Torna all’indice – Le aziende hanno ostacolato anche in periodo emergenziale l’utilizzo dello smart working richiesto dai colleghi. Due i motivi principali: il criterio della presenza fisica, ritenuto indispensabile per chi è a contatto con il pubblico e metro per valutare la prestazione lavorativa, e la differente efficacia delle pressioni commerciali a distanza – effettuate tramite telefono, mail e chat aziendali – rispetto a quelle effettuate in presenza. Sono due motivazioni che dimostrano come le aziende vogliano mantenere il loro “tallone di ferro” sui lavoratori in modo da “spremere” il massimo possibile del loro
potenziale anche con forme più o meno coercitive che il sindacato sta da tempo combattendo.
Ma anche nella possibile definizione di questo istituto contrattuale, laddove dovesse essere riconosciuto ai colleghi, compare evidente il tentativo di scardinare i contratti collettivi e con essi i diritti dei lavoratori specie in materia di orari.
Un articolo apparso su “CorrierEconomia” del 10 luglio aveva il seguente titolo: «Smart working o ufficio? Addio a orari di lavoro e weekend: così cambia il lavoro». Secondo questo giornale che riprende un articolo de l’Economist, oggi i «confini di orario non sono più così definiti, non c’è nessuna linea netta a scandire come un metronomo i momenti del nostro quotidiano. Senza il concetto del “da lunedì al venerdì” il fine settimana diventa qualcosa di nebuloso. Il lavoro invade il tempo libero e viceversa». Secondo questi “saggi ed esperti” in futuro i dipendenti potranno lavorare e fare delle pause quando vogliono, con la videochiamata aziendale come unico appuntamento. In realtà è evidente il tentativo di rendere reperibili i lavoratori per una durata temporale oggi non riconosciuta. E chi invoca il diritto alla disconnessione, peraltro recentemente riconosciuto nell’ultimo CCNL del Credito, non si rende conto che comunque non è in grado di tutelare il lavoratore da quella reperibilità e disponibilità continua cui le aziende puntano. Un recente disegno di legge vorrebbe infatti definire le fasce di reperibilità del lavoratore, al di fuori delle quali non può essere chiamato, nonché la prestazione lavorativa da svolgersi in un arco temporale non superiore alle 13 ore giornaliere!

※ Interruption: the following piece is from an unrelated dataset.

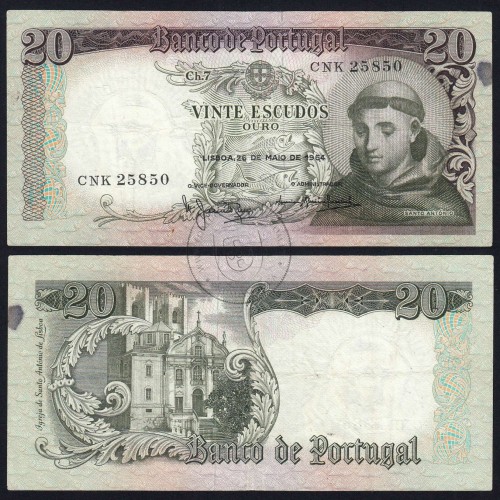 20 Escudos Banknote 1964 Saint Anthony, 20$00 26/05/1964 Plate: 7 - Bank of Portugal (Circulated), Pick 167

È necessario perciò difenderci da questi attacchi che arrivano da più parti, che ci prospettano una illusoria flessibilità gestita da noi lavoratori ma che considerano l’orario di lavoro definito ormai superato e gestito esclusivamente dalle esigenze delle aziende.
Recentemente il Segretario Generale della Cgil, Maurizio Landini è così intervenuto sulla materia: «Io non sono affatto d’accordo sull’idea che il tempo-lavoro ormai sia scomparso e che si debba ragionare solo per obiettivi. E anzi non capisco perché la possibilità o la necessità di operare da remoto debba comportare la cancellazione di conquiste. Abbiamo stabilito che se io lavoro di notte o di domenica, tu mi dai una maggiorazione o un’altra cosa? E perché ora, dovrei perdere tutto se lo faccio da casa?»
E conclude: «La progettazione di un nuovo modello sociale deve avere al centro l’uomo e il lavoro come elemento di valorizzazione. E non il mercato, il profitto che lasciati da soli mi sembra abbiano già fatto abbastanza danni». Condividiamo queste riflessioni, che dovranno diventare pratica di rivendicazione sindacale. Ma per fare questo è necessario il sostegno di tutti, sviluppando la coalizione sindacale e la conseguente azione coinvolgendo il maggior numero di colleghe e colleghi interessati.